The async is only there to match libfdb_c’s futures, allowing the caller to only wait on network when they deem necessary.

Repo.transaction(fn ->
  f1 = Repo.async_get_by!(User, name: "Alice")
  f2 = Repo.async_get_by!(User, name: "Bob")
  [alice, bob] = Repo.await([f1, f2])

  Repo.insert!(%Team{members: [alice.id, bob.id]})
end,
prefix: tenant)

Functionally equivalent, but now with 2 network waits:

Repo.transaction(fn ->
  alice = Repo.get_by!(User, name: "Alice")
  bob = Repo.get_by!(User, name: "Bob")

  Repo.insert!(%Team{members: [alice.id, bob.id]})
end,
prefix: tenant)

garrison · July 9, 2025, 9:45pm

That first one doesn’t seem like a big deal to me (who does that), but performance could be an issue yeah. Worst case I can think of is someone inserting one versionstamped row and then selecting 1000 rows of something else and returning them. The question is whether that happens often enough to be a problem or if you can just throw an escape hatch in the API for the edge cases. I’ll have to think about it more.

This remains an open question. I haven’t started work on any high-level APIs yet as I am still busy reinventing the universe, but I am at a stage where I need to be thinking about these things. I don’t like dependencies so I’ll probably lean towards reimplementing them from scratch.

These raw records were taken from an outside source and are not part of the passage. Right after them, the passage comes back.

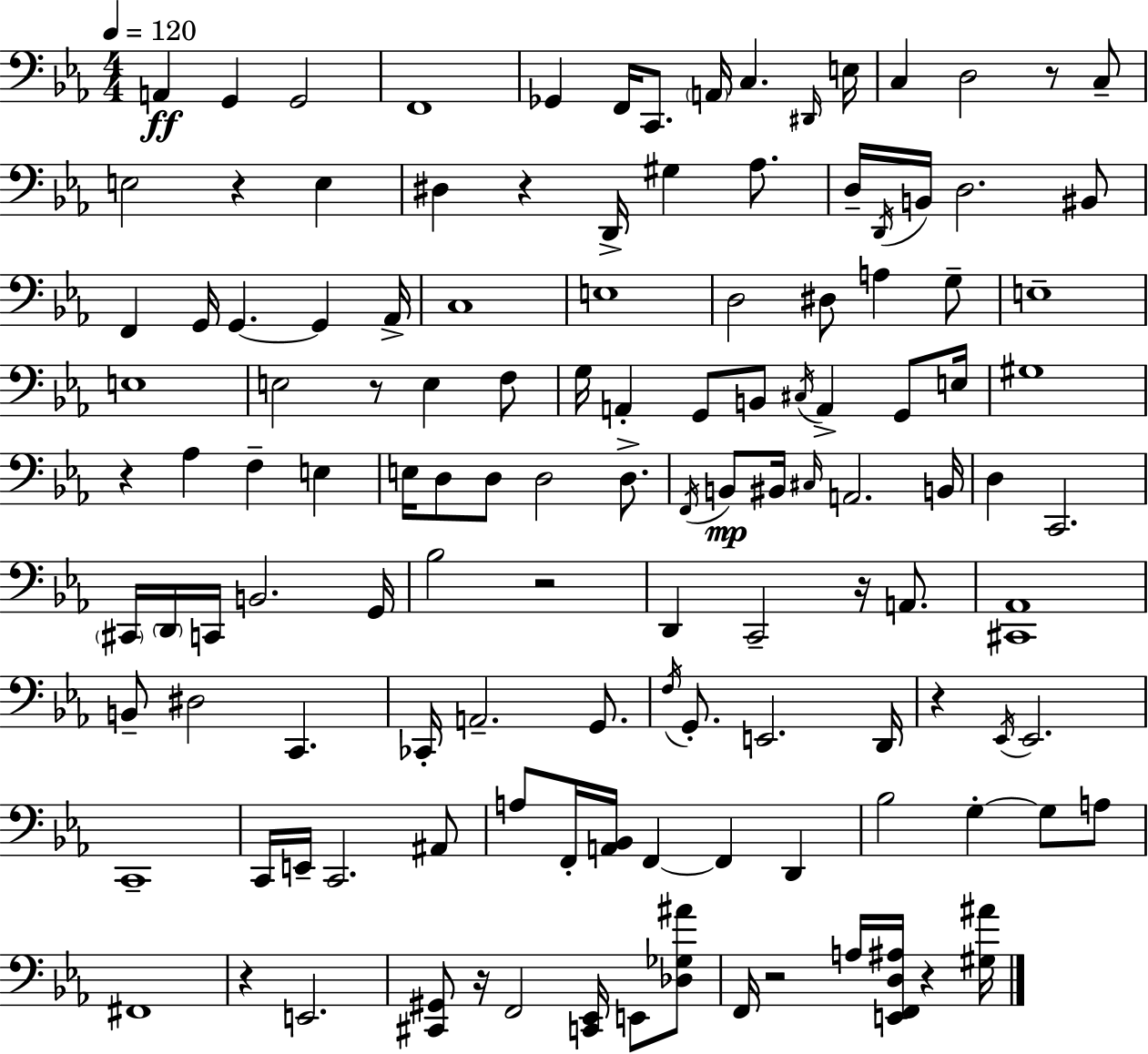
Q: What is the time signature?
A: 4/4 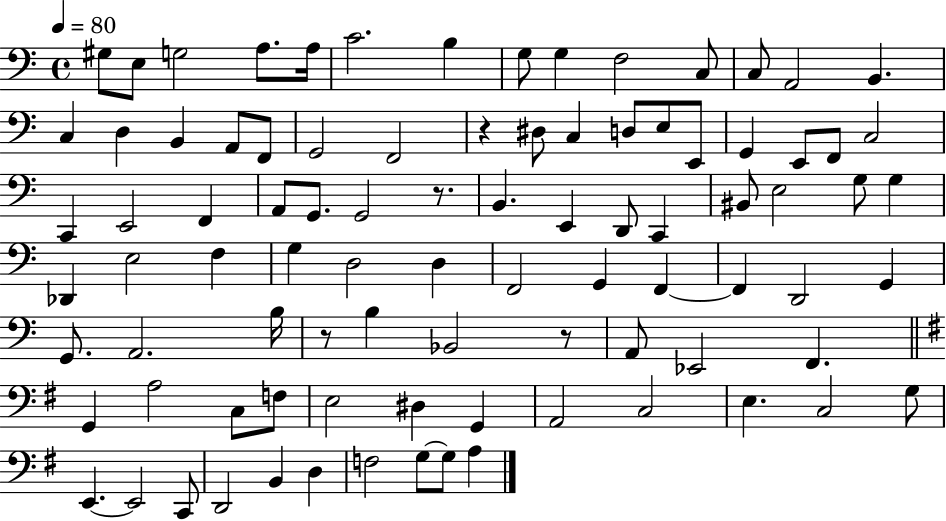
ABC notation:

X:1
T:Untitled
M:4/4
L:1/4
K:C
^G,/2 E,/2 G,2 A,/2 A,/4 C2 B, G,/2 G, F,2 C,/2 C,/2 A,,2 B,, C, D, B,, A,,/2 F,,/2 G,,2 F,,2 z ^D,/2 C, D,/2 E,/2 E,,/2 G,, E,,/2 F,,/2 C,2 C,, E,,2 F,, A,,/2 G,,/2 G,,2 z/2 B,, E,, D,,/2 C,, ^B,,/2 E,2 G,/2 G, _D,, E,2 F, G, D,2 D, F,,2 G,, F,, F,, D,,2 G,, G,,/2 A,,2 B,/4 z/2 B, _B,,2 z/2 A,,/2 _E,,2 F,, G,, A,2 C,/2 F,/2 E,2 ^D, G,, A,,2 C,2 E, C,2 G,/2 E,, E,,2 C,,/2 D,,2 B,, D, F,2 G,/2 G,/2 A, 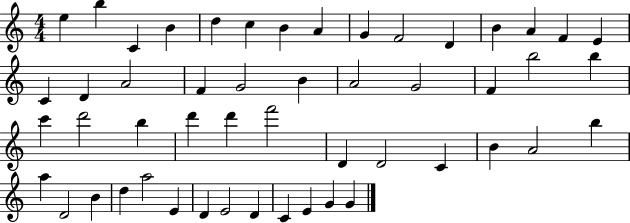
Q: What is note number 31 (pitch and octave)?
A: D6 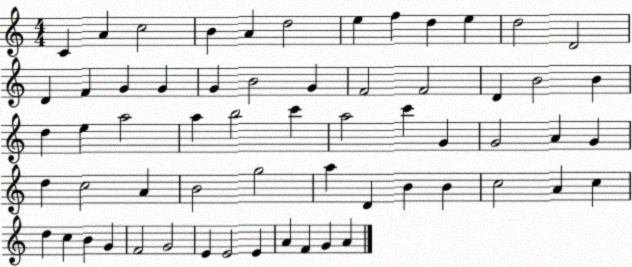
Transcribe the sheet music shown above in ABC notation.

X:1
T:Untitled
M:4/4
L:1/4
K:C
C A c2 B A d2 e f d e d2 D2 D F G G G B2 G F2 F2 D B2 B d e a2 a b2 c' a2 c' G G2 A G d c2 A B2 g2 a D B B c2 A c d c B G F2 G2 E E2 E A F G A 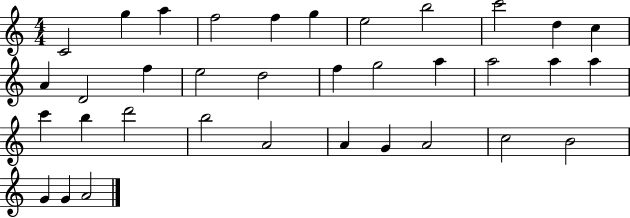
X:1
T:Untitled
M:4/4
L:1/4
K:C
C2 g a f2 f g e2 b2 c'2 d c A D2 f e2 d2 f g2 a a2 a a c' b d'2 b2 A2 A G A2 c2 B2 G G A2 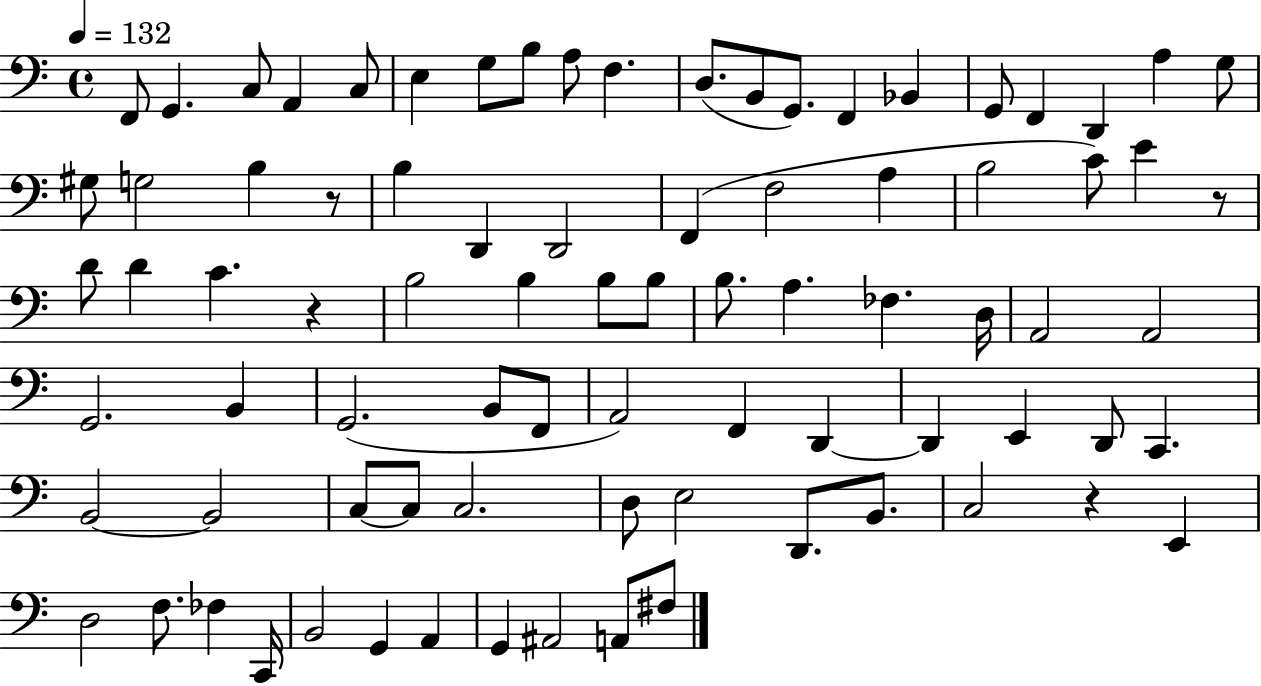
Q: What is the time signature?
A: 4/4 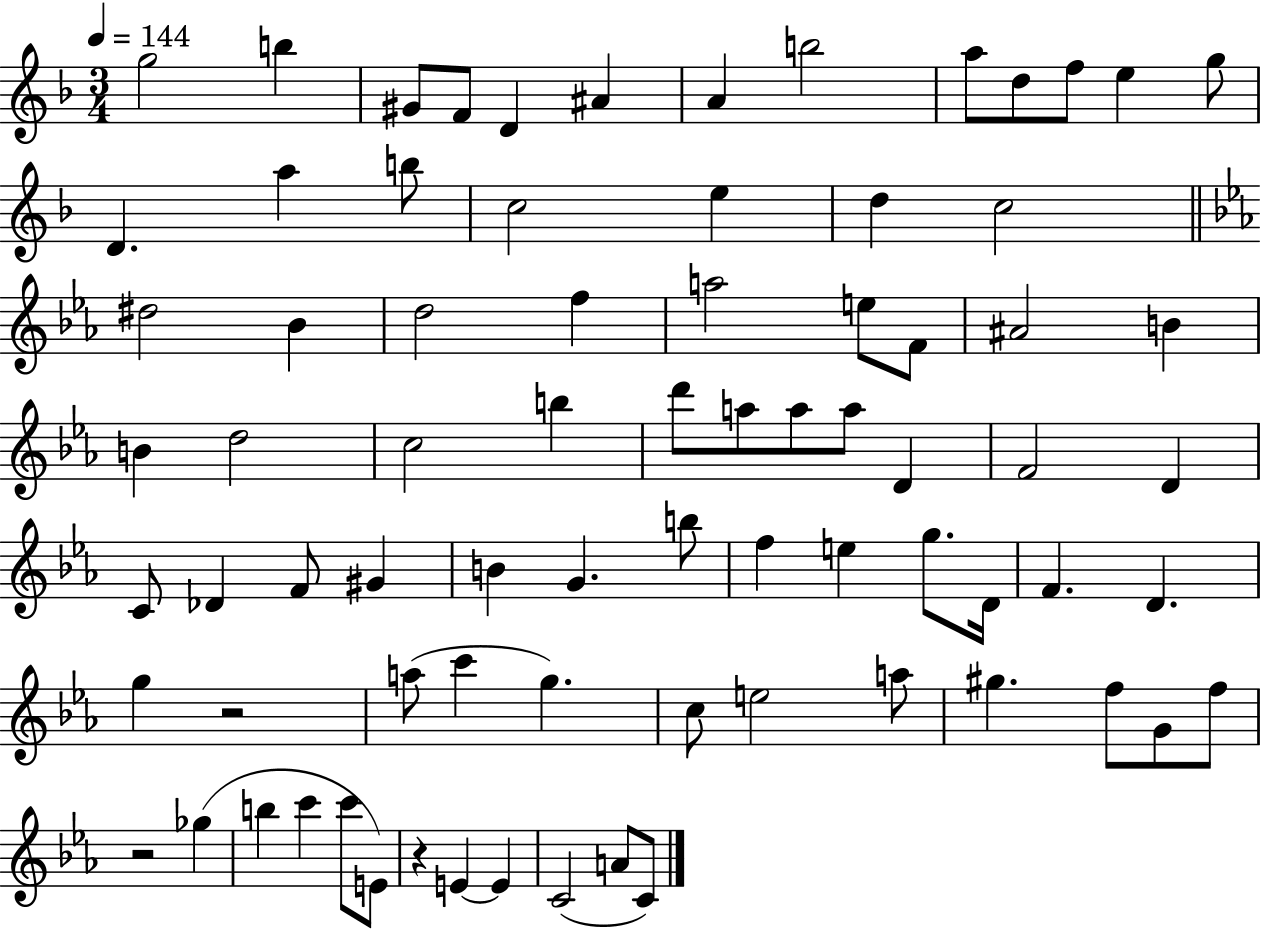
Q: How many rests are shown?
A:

Phoenix integration could be an issue but I think the form handling is probably extensible enough to make something work. Honestly I don’t really like forms anyway, especially complex forms. It’s usually better to mutate the DB state directly rather than try to shove a complex interaction through the bottleneck of a single POST. The changeset relation APIs terrify me, I never touch them.

Not to spoil my own (eventual) announcement, but I have been slowly cloning FDB from scratch (this is probably somewhat obvious from my posts lol). The goal is to have an (ahem) foundation on which to build higher-level databases like a relational DB, taking inspiration from record layer and so on. I was very sad to see record layer has become an SQL DB, there were some good ideas in there that they are now discouraging (polymorphic relations). Protobufs are a terrible idea, though.

Honestly I just want a database I can trust. A while back my plan was to use Postgres and migrate to CockroachDB in the future; but they rugpulled it. When I started I never thought I would get as far as I have, but I could not have chosen a better database to learn distsys from. FDB is a masterpiece. Its only sin was choosing C++.

jam · July 11, 2025, 2:40pm

Nice! This looks really good. Any idea of what kind of scale can you get with this sync approach? It reminds me a bit of mongo change streams which last time I checked had some limitations to the point where I think they’d need to be paired with a pubsub system.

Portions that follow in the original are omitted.